Not Martha yet, but...baby steps, baby steps

So not to jinx it, but I think I've become a neat person.

Even though I've been trending this way for a few years now - really since graduation - it still kind of shocks me to realize this. But yesterday evening as I tidied away a camera, a camera cord, a box of crayons and a coloring book because they were "cluttering up" my living room, it hit me that I've been regular and persistent about keeping my living space very tidy for four straight months now. It's beyond habit - it's just how I've become. If my house is not clean, I can't deal.

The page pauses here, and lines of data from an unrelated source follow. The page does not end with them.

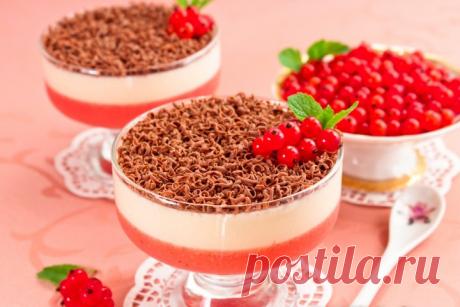 Десерт с красной смородиной и сливками Восхитительно вкусный десерт приготовим дома к празднику - желе с легкой кислинкой в сочетании с нежным сливочным суфле. При использовании сладкой ягоды добавьте несколько капель лаймового или лимонного сока. 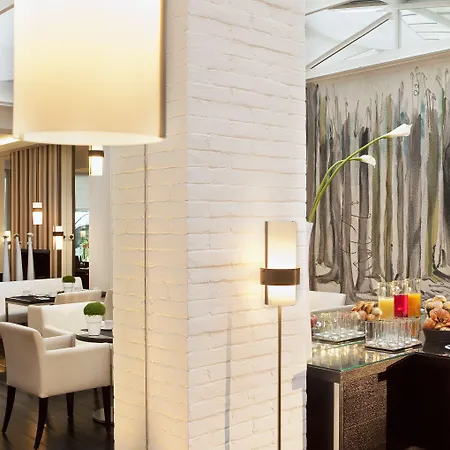 Le A - Champs-elysees Hotell Paris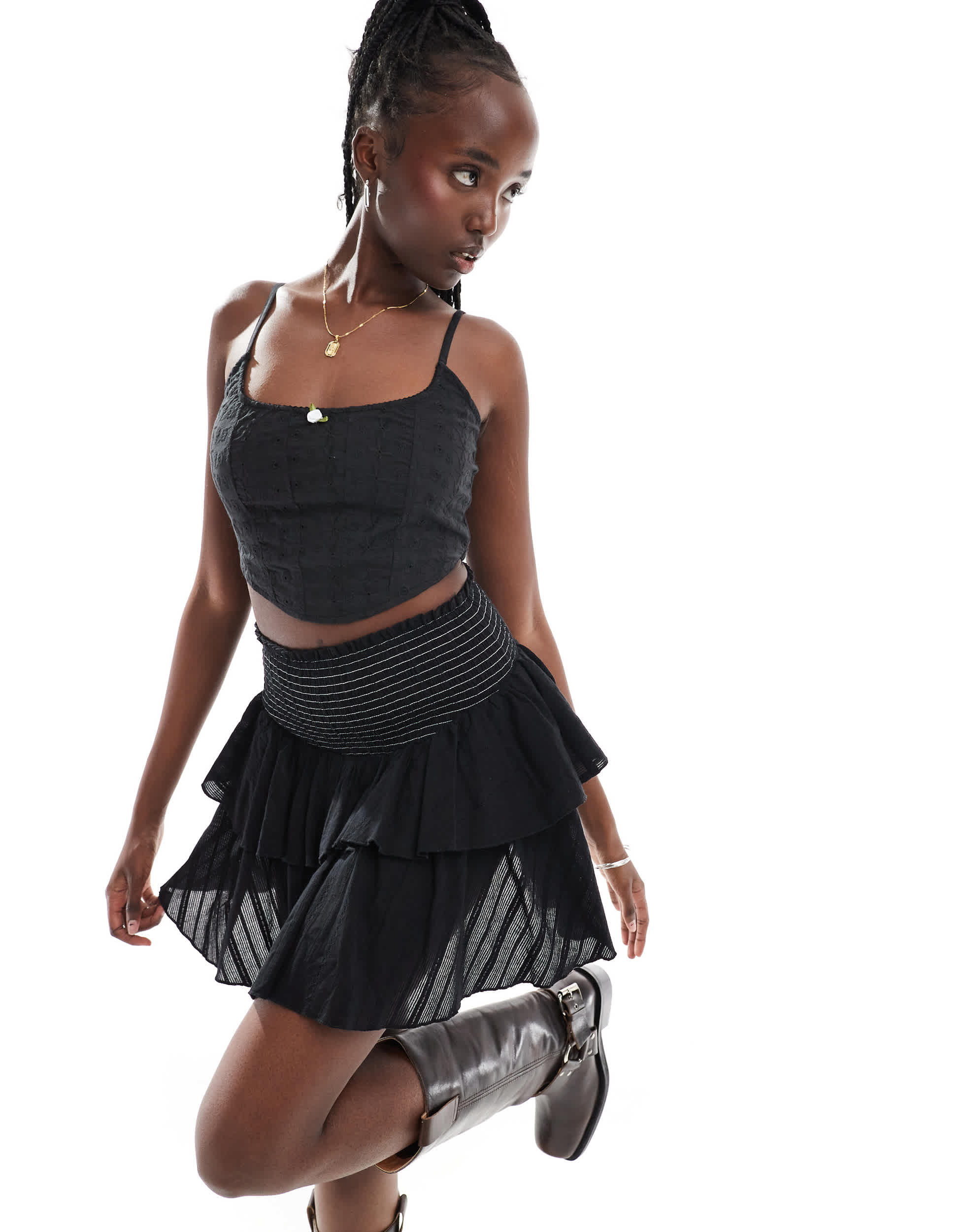 Daisy Street square neck broiderie cami crop top with rosette detail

Now, this is not to say I'm a clean freak. With my cats and my schedule, that is still unattainable. But I feel I now can honestly say I Live Like a Grown-Up. I don't think everyone has "cleans house regularly and does not tolerate clutter" as a large part of that designation, nor do I think everyone should. But I grew up in a messy (and admittedly comfortable and much-loved) house, and even though I was the laziest and worst child ever at helping with cleaning it, it did leave a mark on me in some way. I think because I felt guilty about not cleaning I've made the act part of my definition of responsibility - if I'm responsible for myself and doing it well, my house should be clean.

We'll see how this goes when school starts. But I'm optimistic. It makes me feel good, damn it, to clean everything and then enjoy my nice apartment. And I love where I live, so that helps too.